The SetRE instruction is string oriented and reads the Extractor input buffer with the delimiters being ignored (however the EOL handler is called). It consumes the whole input buffer and advances the current position to the end of the buffer regardless of how much data was captured by the regular expression. The same whole buffer consuming behavior takes place even if there was no match. As a result, data which is of no interest is skipped. If SetRE finds the buffer is empty it reads the next line. This allows the script to move along the input data and read subsequent lines without making explicit coding effort.
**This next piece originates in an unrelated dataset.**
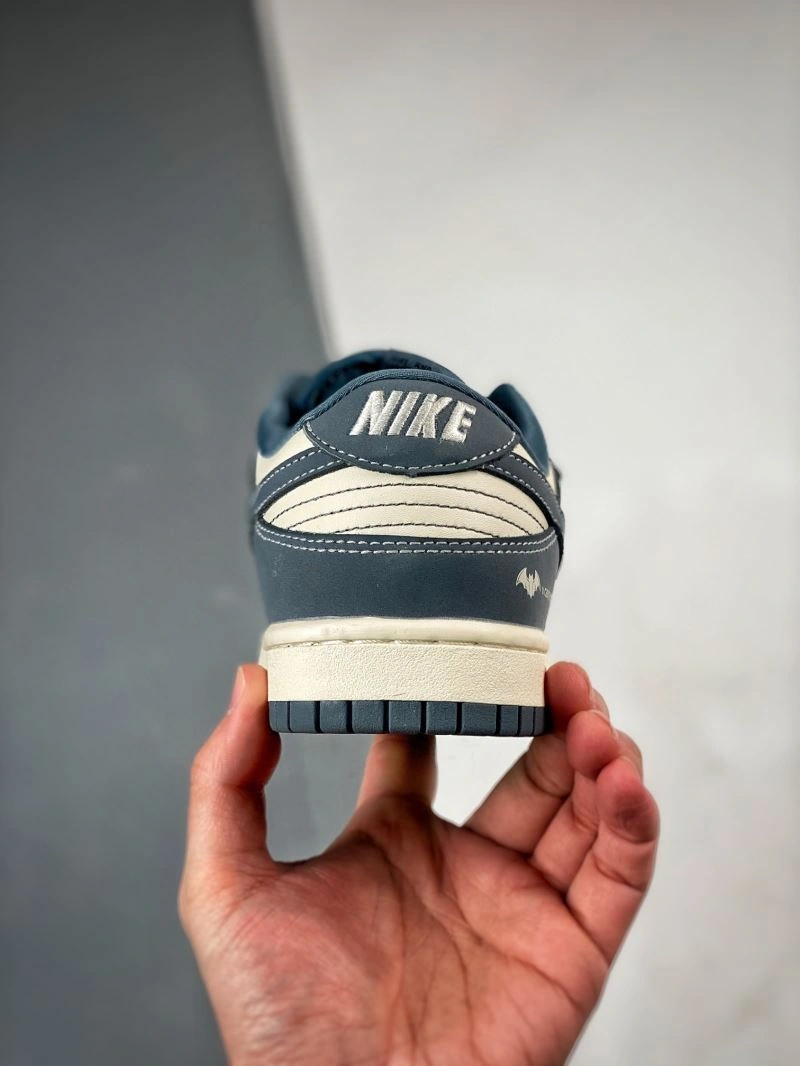 Nxkx Sneakers SportInspired 200313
However, this will mean that no more than one SetRE instruction can be applied to the same input data. A Record can contain many fields and capturing data for all of them would result in very lengthy expressions which would be difficult to maintain and understand. This translates into the need to apply more than one SetRE instruction to the same data.
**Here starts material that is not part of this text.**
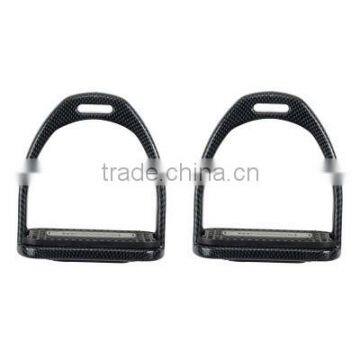 Horse Riding Stirrups - Plastic Stirrups - New Horse Stirrups - Horse Riding Gear & Equipment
For this reason, Extractor has the ConsumeRE [All | None | Match] instruction. The default is ALL which causes the whole buffer consuming behavior described above. When this setting is NONE, it makes the SetRE instruction 'still' so that it does not advance the Extractors current position to the end of the buffer. The position remains unaffected regardless of whether there was a match and how much data has been captured by Regex. Finally, MATCH makes Extractor advance the current position by the number of characters matched.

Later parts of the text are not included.